Stanley W. Kesselman (argued), Foonberg & Frandzel, Beverly Hills, Cal., for plaintiff-appellee.
Before WRIGHT and WALLACE, Circuit Judges, and POWELL,* District Judge.
WALLACE, Circuit Judge.
Union Bank, a California corporation, filed suit in the Los Angeles County Superior Court against Winnebago Industries, Inc. (Winnebago), an Iowa corporation, on a contract claim. Based upon diversity of citizenship, Winnebago removed the action to federal district court pursuant to 28 U.S.C. § 1441. The district court thereafter granted a motion for summary judgment for Union Bank and, in addition, awarded attorney's fees based upon a finding of bad faith by Winnebago. We affirm the granting of the summary judgment; we reverse the award of attorney's fees.

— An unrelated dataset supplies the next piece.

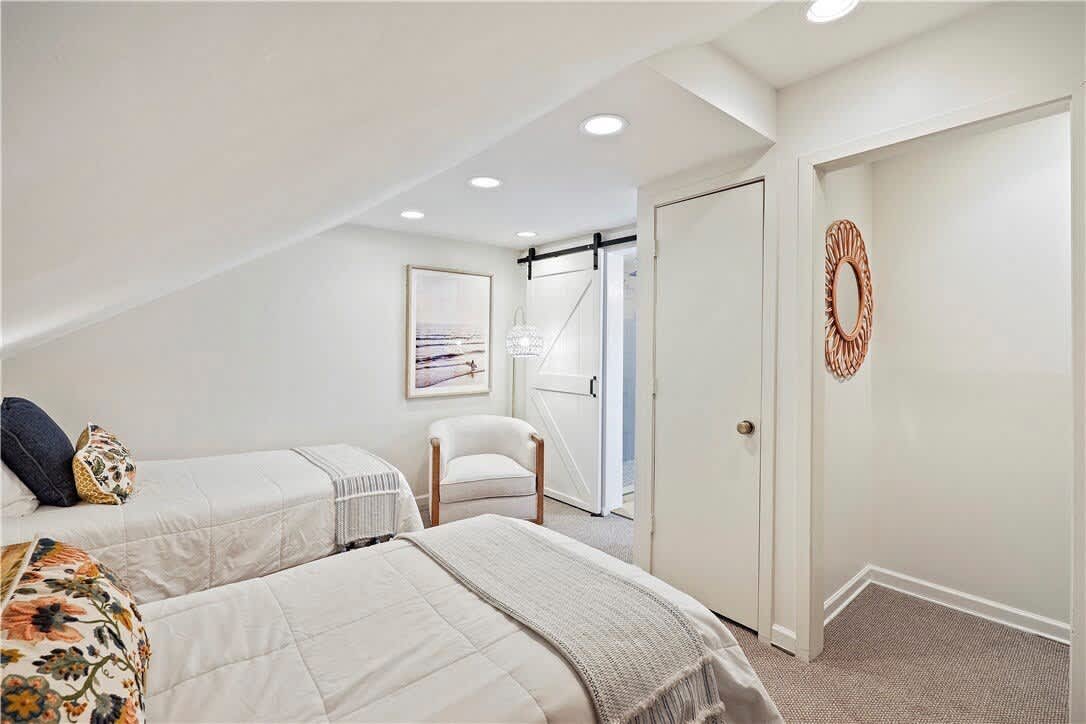 Loft Area with Twin Beds
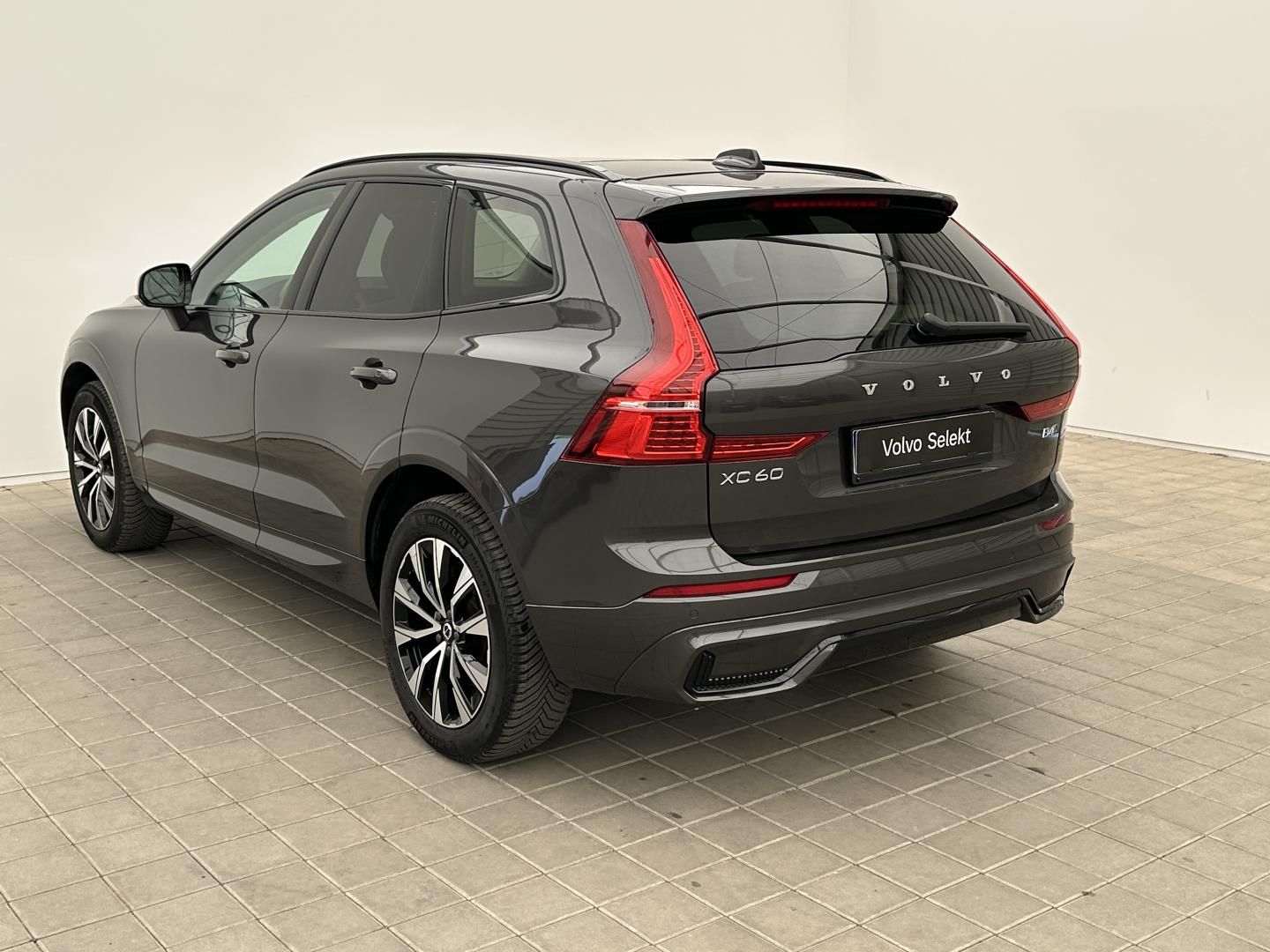 Volvo XC60, 2.0B4 145kW 4x4  PLUS  Black - fotka 4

Winnebago is a manufacturer and wholesale distributor of recreational motor vehicles. It sells these vehicles through franchised retail dealers who often finance their inventory by 'flooring' arrangements with lending institutions. A flooring arrangement is an extension of credit between a bank and a dealer. The dealer orders and receives vehicles from the manufacturer; the manufacturer's invoice is paid directly by the bank and the dealer repays this amount plus interest to the bank upon reselling the vehicle at retail.
Prior to 1972, Winnebago experienced increasing sales of its recretional vehicles and sought to induce financial institutions to enter into flooring arrangements with Winnebago's retail dealerships. Accordingly, it prepared a form document entitled 'Repurchase Agreement' in which Winnebago promised to repurchase certain vehicles from the financial institution at a specified price if the dealer defaulted under the flooring arrangement. The only express conditions precedent in the contract were the dealer's default and the bank's notice and demand for repurchase.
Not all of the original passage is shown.